Former Priest Fit To Practice Law

A former priest who had been denied admission to practice by the Board of Governors of the Alaska Bar Association sought review by the Alaska Supreme Court.

The court disagreed with their conclusions and found that the applicant had satisfied the character and fitness requirements for admission. The court returned the application to the association for further proceedings consistent with their conclusions.

The issues related to the applicant's interactions with juveniles while in the priesthood:

[The applicant] had inappropriate contact with some of the boys on these trips. [He] asserts that the contact was horseplay and a form of discipline, but agrees that it was inappropriate in retrospect. Four affidavits from boys on the trips describe [his] conduct. It involved tickling the boys, having them do calisthenics in their underwear, spanking them, and receiving foot and neck massages from them. The affidavits are not strictly condemnatory though. The affidavit discussing tickling hedged its assessment: “Father...never touched my genital area, and did not engage in other sexual activity with me. He also never told me not to mention the tickling to others, and he might not have realized that there was something wrong about it.” And six other affidavits or letters from participants indicated that no improper activity was observed on the trips, nor was discomfort felt.

The court majority found that the association had mischaracterized the record:

Notably, although denying [the applicant's] application based on candor, the decision does not identify a single lie [he] told, nor any contradiction in his answers. It instead appears to rely on [his] demeanor in testimony that the Board did not hear. This is inexplicable, particularly because the Board declined to question [him] directly when it had the opportunity.

The applicant had attended law school after leaving the priesthood and was admitted in Iowa after a full exploration of the matters at issue here.

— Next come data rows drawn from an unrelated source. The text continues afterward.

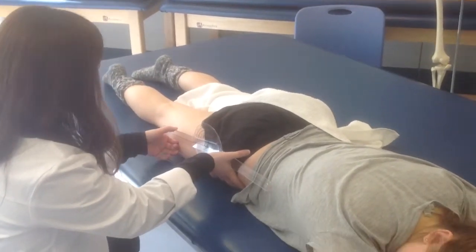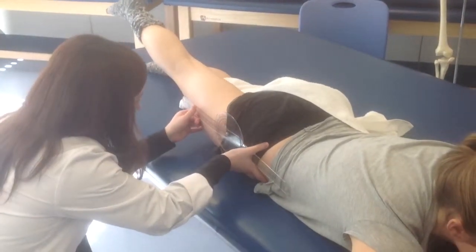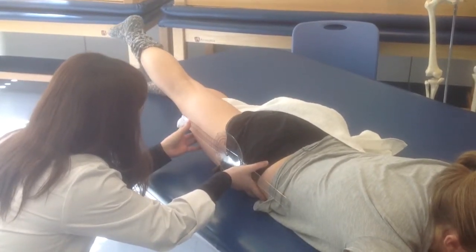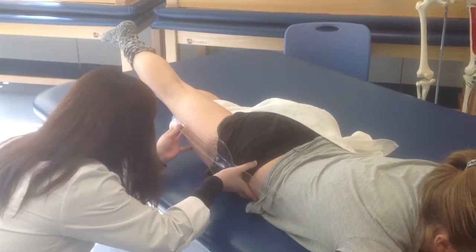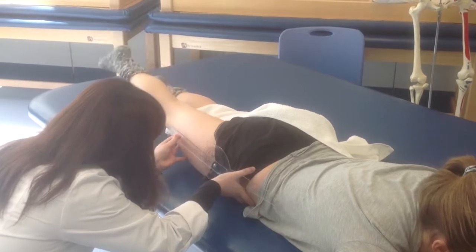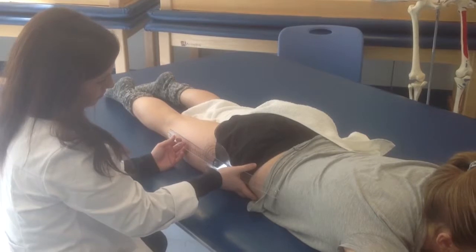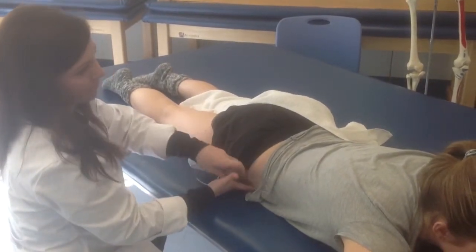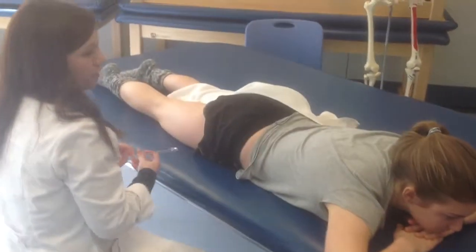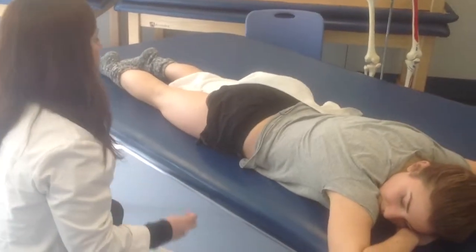Ms. Corbin, can I have you raise your leg toward the ceiling without bending your knee? Extend the hip by raising the lower extremity from the table. Maintain the knee in extension throughout the movement to ensure that tension in the two-joint rectus femoris muscle does not limit the hip extension range of motion. And relax. The end of the range of motion occurs when resistance to further motion of the femur is felt and attempts at overcoming the resistance cause anterior tilting of the pelvis and/or extension of the lumbar spine. Without letting her pelvis rotate, I measured her active range of motion at 0 to 6 degrees of extension.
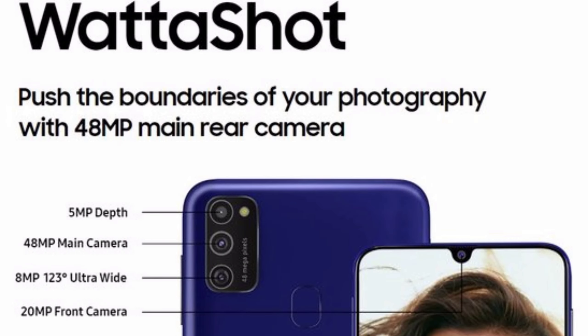Let's talk about its camera. You will get an AI triple camera setup. The main camera is 48 megapixels, the second camera is 8 megapixels for ultra-wide photos, and the third camera is 5 megapixels for the depth sensor.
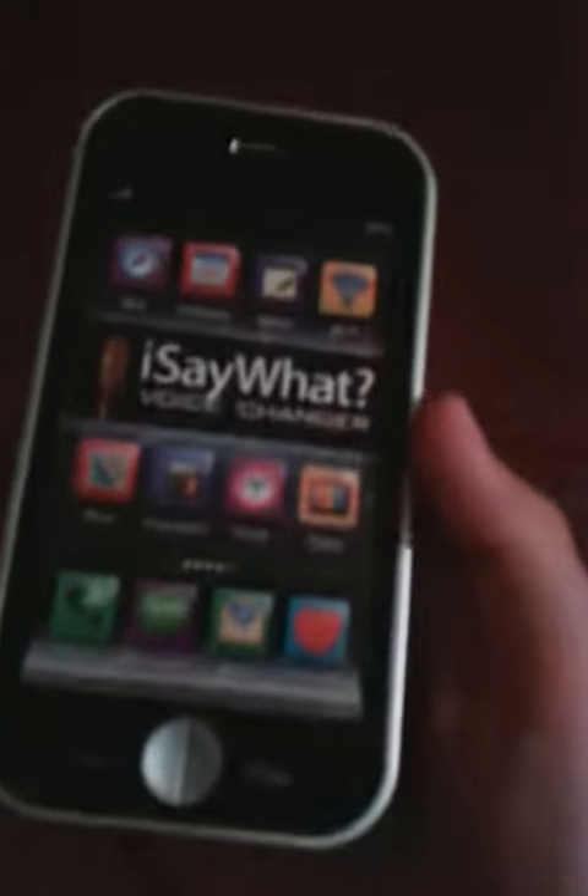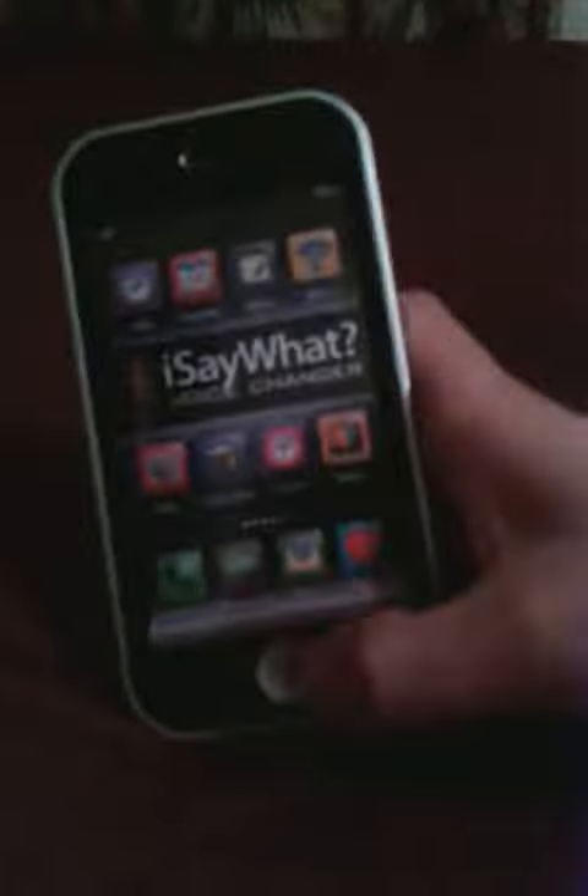What is it guys? Today I'm going to be doing a video of this. You're probably like, what is it? That's not even an iPod. Well, I'm not trying to make it to see if it's an iPod or an iPhone 5.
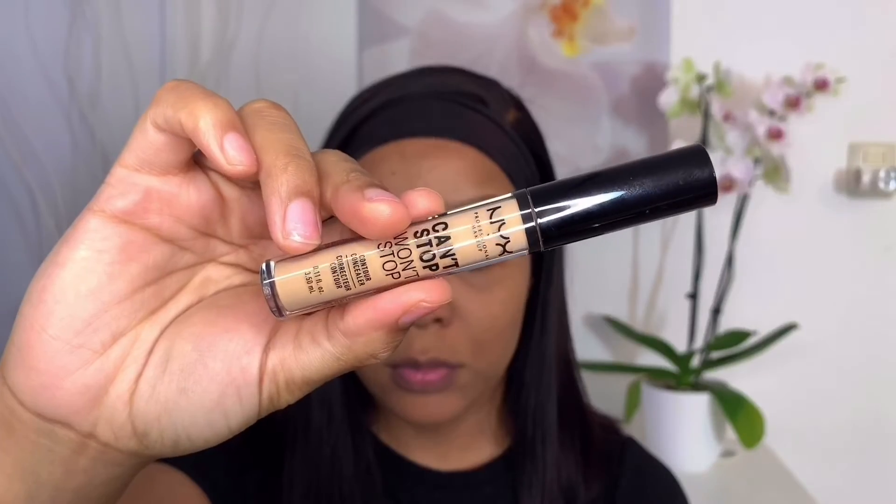I'm going to go ahead and contour my face with this Revolution Pro HD Contour Palette, and then I'm going to highlight with my Candle Bone Star Concealer. This stuff is the bomb.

A dissent would remand rather than admit:

Given the posture of this matter, where there were procedural flaws in the Board’s hearing and where its findings of fact were not adequately supported by the record, the proper remedy is not simply to admit [him] — any more than it is to deny him admission. [He] must be allowed the opportunity to meet his burden of proving that he satisfies the requirements set forth in the Bar Rules through a meaningful hearing before the Board. Remand is appropriate in this case because of the seriousness of the hearing master’s adverse]credibility finding and because [the applicant] is entitled to have the Board consider his application in an impartial hearing.